Here’s a case where I think Mashiro’s youthful exuberance and self-righteousness worked to his benefit, even if it did get him into a bit of trouble with the brass. Frankly, I trust Mashiro’s judgment about manga more than Miura’s. Well, I trust most people’s judgment more – certainly Hattori, and Eiji, and probably every other editor on staff. Miura is truly pathetic – not only has his advice proved wrong at almost every turn, but he’s failed as an advocate of Ashirogi’s interests with the magazine and he’s failed even at being a responsible adult when the boys’ impetuousness got the better of them. He’s just as immature as they are, but they have an excuse – they’re boys. He’s supposed to be a man and a professional, but he’s so wracked with insecurity that he’s incapable of inspiring or reassuring and even of making his questionable priorities successful.
That’s why every scene with Hattori is heartbreaking, because it’s so clear that he has a better sense of what sort of writers the boys are and how to manage their energy and passion in a positive direction. Even his simple advice to them – “It’s OK to disagree with your editor” – was the most useful thing anyone at the magazine has told them this season. To be honest, I wish Takagi hadn’t even suggested the dual storyboard idea and simply backed Mashiro to the hilt when he was arguing for a serious manga. But Takagai is a peacemaker at heart, and not the bull-headed idealist that Mashiro is. That has it’s uses but I think it was misplaced here, and it’s ended up with what both he and Mashiro believe is the weaker serialization draft going up for submission. The ploy about going to the monthly contest with a third manuscript was a clever one, but it was always going to be a disaster when Miura found out – as Mashiro will learn, weak bosses hate nothing more than having smarter employees go over their heads.
But there it is – Mashiro and Takagi are smarter than Miura, and Mashiro knows more about the manga industry. Miura is doing what weak bosses do – trying to manage from the position he holds rather than from the force of his intelligence and integrity. That childish threat to quit editing was pathetic, a low point even for him. What I wonder is why Ashirogi don’t consider one other option that’s surely open to them – take their work to another magazine. There are other shounen titles in Japan – Shounen Sunday is almost as popular as
Jump Jack – and I’m sure they’d be very interested in teenagers who’d already managed to get a manga into serialization. I’m not sure what their contractual status is, but it seems to me that Ashirogi Muto would be free to shop their work if they haven’t signed a new deal for serialization.

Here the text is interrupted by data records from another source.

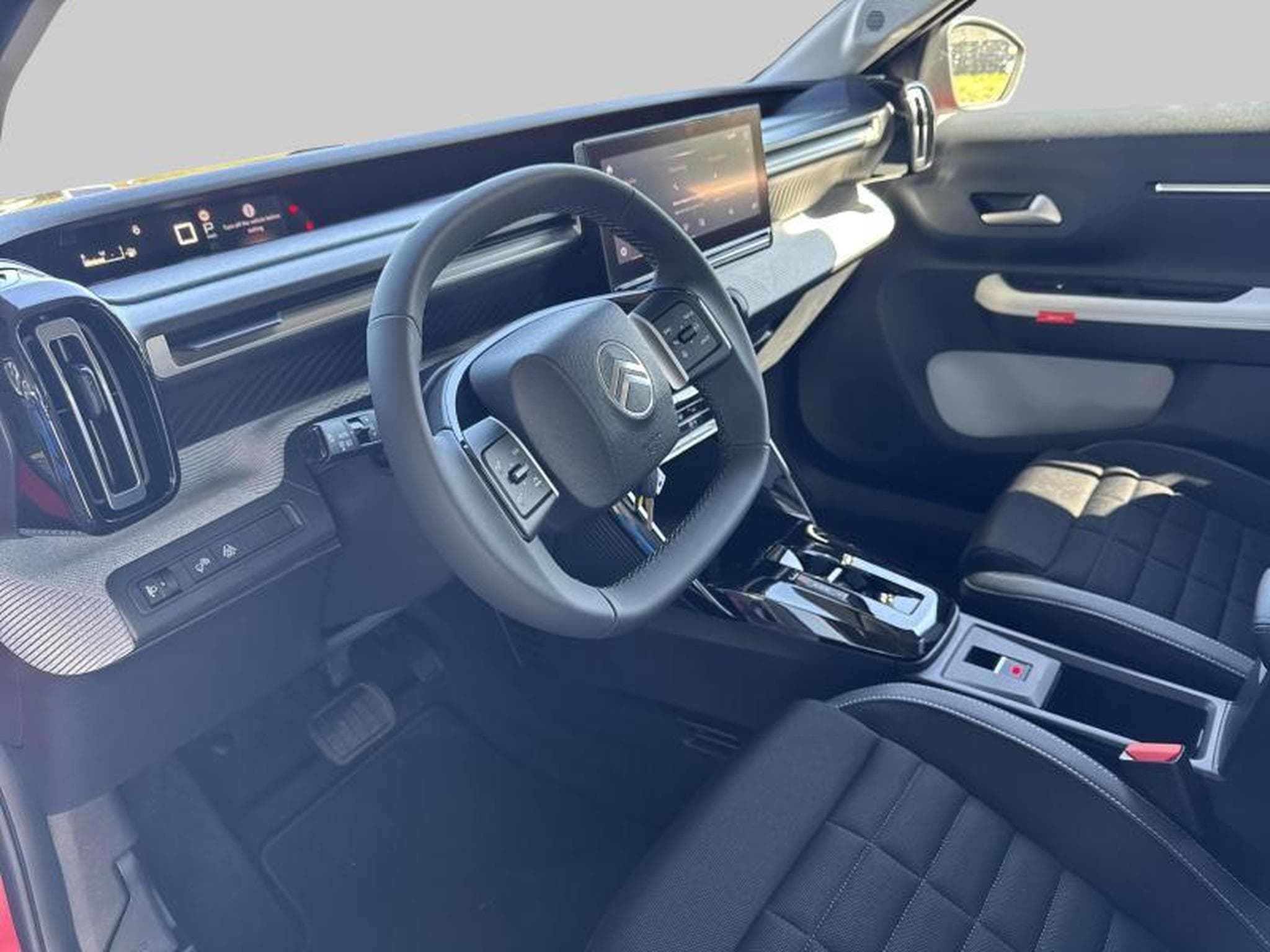 Citroen C3 Aircross Max (2025) - Foto 11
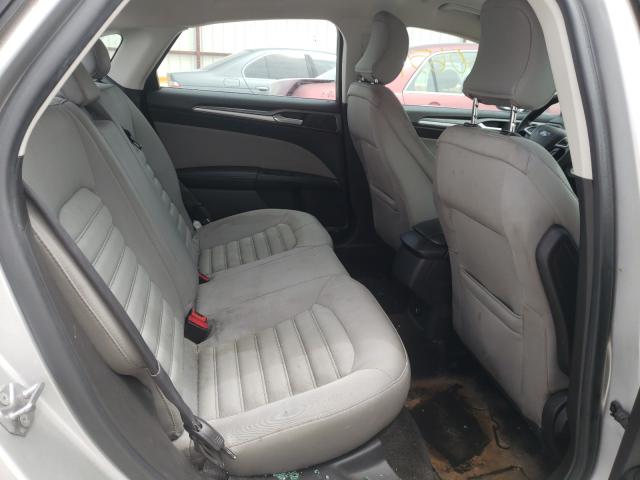 2015 FORD FUSION S H 3FA6P0UU8FR199381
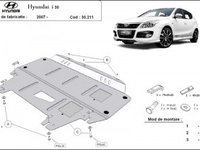 Scut metalic motor Hyundai I30 2007-2011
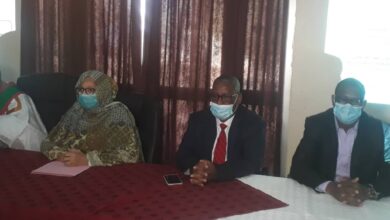 صورة كيفه/وزيرة البيئة تشرف على انطلاق دورة تكوينية حول قانون البيئة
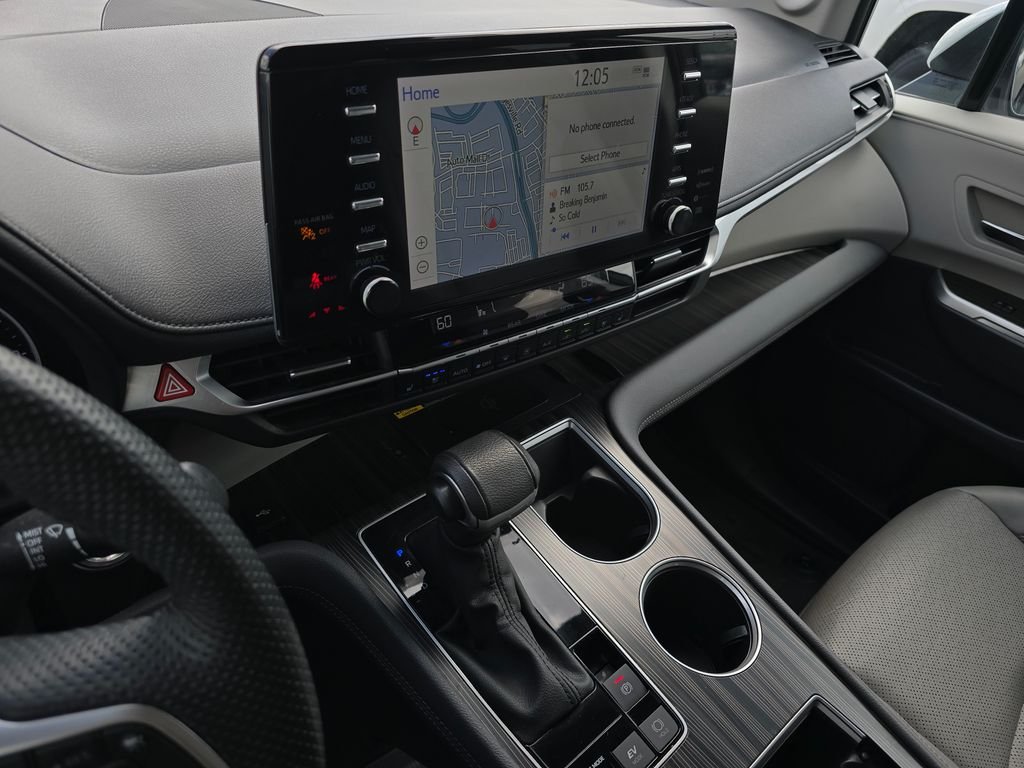 Used 2023 Beige Toyota Limited image 26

In the meantime, I guess “Two of Me” is on the scrapheap (too bad, sounds like a great idea) and it’s “Hitman 10” on to the serialization draft, with “Future Watch” kicked upstairs for the one—shot contest. It’ll be interesting to see which one the editors choose, and I’m betting on Hitman 10 – because politically, it would be very hard for them to back the one-shot when the editor is pushing the gag manga. Companies that put people like Miura in positions of authority almost never side with right over position, and it would be embarrassing as hell for them to back a writer over an editor, even if they know the writer is right. So it’ll probably be up to the talents of Ashirogi Muto to make the weakest of their three ideas good enough for serialization, and to make their bad editor look smart by doing so.